If you’ve ever tried to understand how a deep reinforcement learning (DRL) algorithm truly works—only to get lost in layers of abstract classes, hidden callbacks, or fragmented modular code—you’re not alone. Many popular DRL libraries prioritize software engineering elegance over pedagogical clarity, making it frustrating for students, researchers, and prototypers to inspect or modify core logic.
Enter CleanRL: an open-source library that rethinks DRL implementation from the ground up. Instead of sprawling modular architectures, CleanRL offers high-quality, single-file implementations of state-of-the-art algorithms—each containing every detail needed to run, train, and understand the method in a self-contained script. No hidden abstractions. No inheritance trees. Just clear, runnable code that matches what you see in papers.
Originally introduced in a Journal of Machine Learning Research (JMLR) paper, CleanRL has become a go-to resource for those who value transparency, reproducibility, and ease of debugging—without sacrificing scalability or performance.
Why CleanRL Stands Out
Self-Contained, Single-File Algorithms
Each algorithm in CleanRL lives in one file. Take ppo_atari.py: just ~340 lines of code, yet it includes everything—from environment setup and model definition to training loops, hyperparameters, and logging. This design eliminates the need to jump across dozens of files to grasp how Proximal Policy Optimization (PPO) actually works on Atari games.
For learners and researchers, this is transformative. You’re not reading an interface—you’re reading the full implementation.
Built-In Experiment Tracking & Visualization
CleanRL integrates seamlessly with TensorBoard and Weights & Biases (W&B).

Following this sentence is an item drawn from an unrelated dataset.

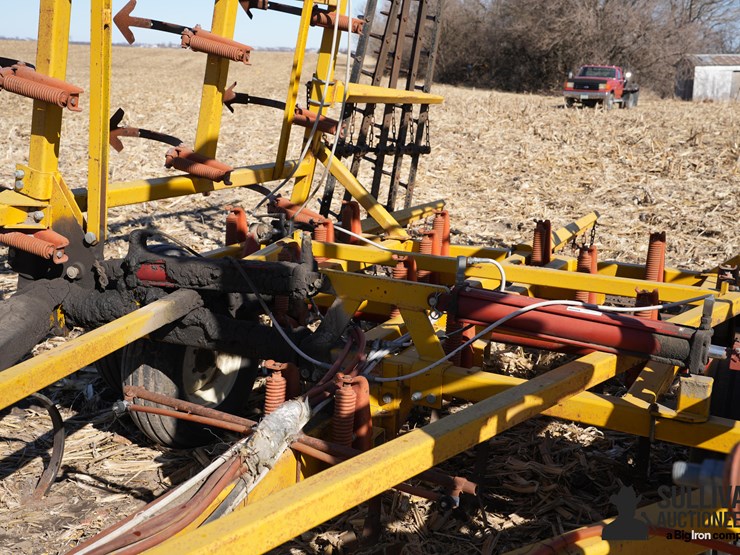 kent-discovator-image-16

With a single flag (--track), you can log:
- Training metrics (e.g., returns, losses)
- Hyperparameters
- Dependencies
- Videos of agent gameplay (critical for debugging behavior)
This makes it trivial to compare runs, share results, or reproduce someone else’s experiment—down to the exact random seed.

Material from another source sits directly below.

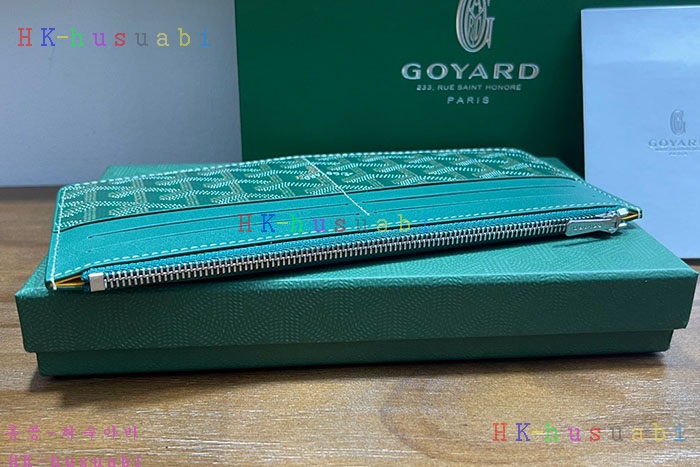 ڹ̷ޡڰߵ μƮ ̽ īINSLOUMMLTY09CL09P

Strong Local Reproducibility
Reproducibility in RL is notoriously hard. CleanRL tackles this head-on by:
- Explicitly seeding all randomness sources (NumPy, PyTorch, environment)
- Pinning dependency versions via
uvorpip - Avoiding non-deterministic operations where possible
This means if you run the same script twice with the same seed, you’ll get identical results—a rarity in many RL codebases.
Scalable Despite Simplicity
Don’t mistake simplicity for limitation. CleanRL has orchestrated experiments across 2,000+ cloud machines using Docker and AWS Batch. Its minimal design actually enhances debugging at scale: when something fails, you’re not hunting through layers of abstraction—you’re looking at the actual training loop.
Ideal Use Cases
CleanRL shines in two primary scenarios:
- Learning & Teaching DRL: Whether you’re a student trying to implement PPO for the first time or an instructor preparing lecture materials, CleanRL’s files serve as authoritative, readable references.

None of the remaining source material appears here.